Calvin Borel said his fiancee "helps me a lot" and has made numerous attempts to help improve his reading, but Shane Borel said Calvin becomes frustrated.

"He'll say, 'I'm too old, I haven't been able to do this my whole life, and it hasn't mattered yet,' " Shane said.

Borel said he stopped going to school altogether when he was 12, after he broke his leg in a riding accident.

"He just helped out working on the farm all day, rode horses," said Shane Borel, whose father, Carroll, a former trainer, is one of Calvin's older brothers.

Millions of people would trade their educations and subsequent financial struggles for what Borel has accomplished.

"We don't have much education, and we're not proud of it," said Cecil Borel. "But we are proud of what we've done." Indeed, for the sole purpose of getting a horse to the wire first, owners and trainers couldn't care a whit if Borel can't spell C-A-T.

"That kind of stuff doesn't matter at all," said Carl Nafzger, the trainer of Street Sense. "There've been a lot of great people in life . . . if you go by education, I ought to quit training horses. I only got out of high school, and a lot of these other trainers have college degrees."

Borel, who has ridden graded stakes winners such as My Boston Gal and Lead Story for Nafzger, long has believed that Street Sense was a potential superstar. Last summer, when Borel could have had the mount on a horse who ended up winning a $50,000 stakes race at Ellis Park, he and Hissam chose to remain with Street Sense for the colt's second career start, an Aug. 19 maiden race at Arlington Park. Street Sense won, and nobody but Borel has ever ridden the colt in any of his seven races.
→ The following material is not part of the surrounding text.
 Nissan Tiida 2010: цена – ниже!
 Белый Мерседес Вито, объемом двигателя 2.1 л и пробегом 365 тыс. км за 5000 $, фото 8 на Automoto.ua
Although Borel has been a perennial leading rider wherever he has been - Louisiana Downs and Oaklawn before he switched to a Kentucky-Oaklawn circuit in 1994 - he frequently would be replaced by Pat Day, Jerry Bailey, or other big-name riders when his mounts showed they were ready for bigger races.

"That's a part of the game everybody deals with," said Hissam.

But with Day, Bailey, Gary Stevens, and so many other Hall of Fame jockeys having retired in recent years, Borel is among the new rotation of veterans hoping to supplant them in crucial situations. Nafzger said he and Jim Tafel, the owner-breeder of Street Sense, have never wavered in their loyalty to Borel.

"We've had a long-range game plan with this colt all along, and I always thought Calvin fit the bill," said Nafzger. "He's a horseman - and a horseman's jock. He understands horses, and he rides a good race.

"Last year we thought this horse really needed some pat hands on him, somebody that'd let him take his time. We wanted to let the horse win his races, not the rider be all over him making him do things. Calvin is just perfect for this horse, we thought."

Borel's annual mount earnings have surpassed $5 million in eight of the past 10 years, so he clearly has proven himself as an excellent rider over time, and yet he is not nearly as well known nationally as other jockeys with similar statistics. That may be partly because he seldom rides in major racing centers such as New York, California, or Florida, but also because a life story that deals primarily with plain hard work is sorely lacking in glitz and glamour.

Borel and his brother make no apologies for this.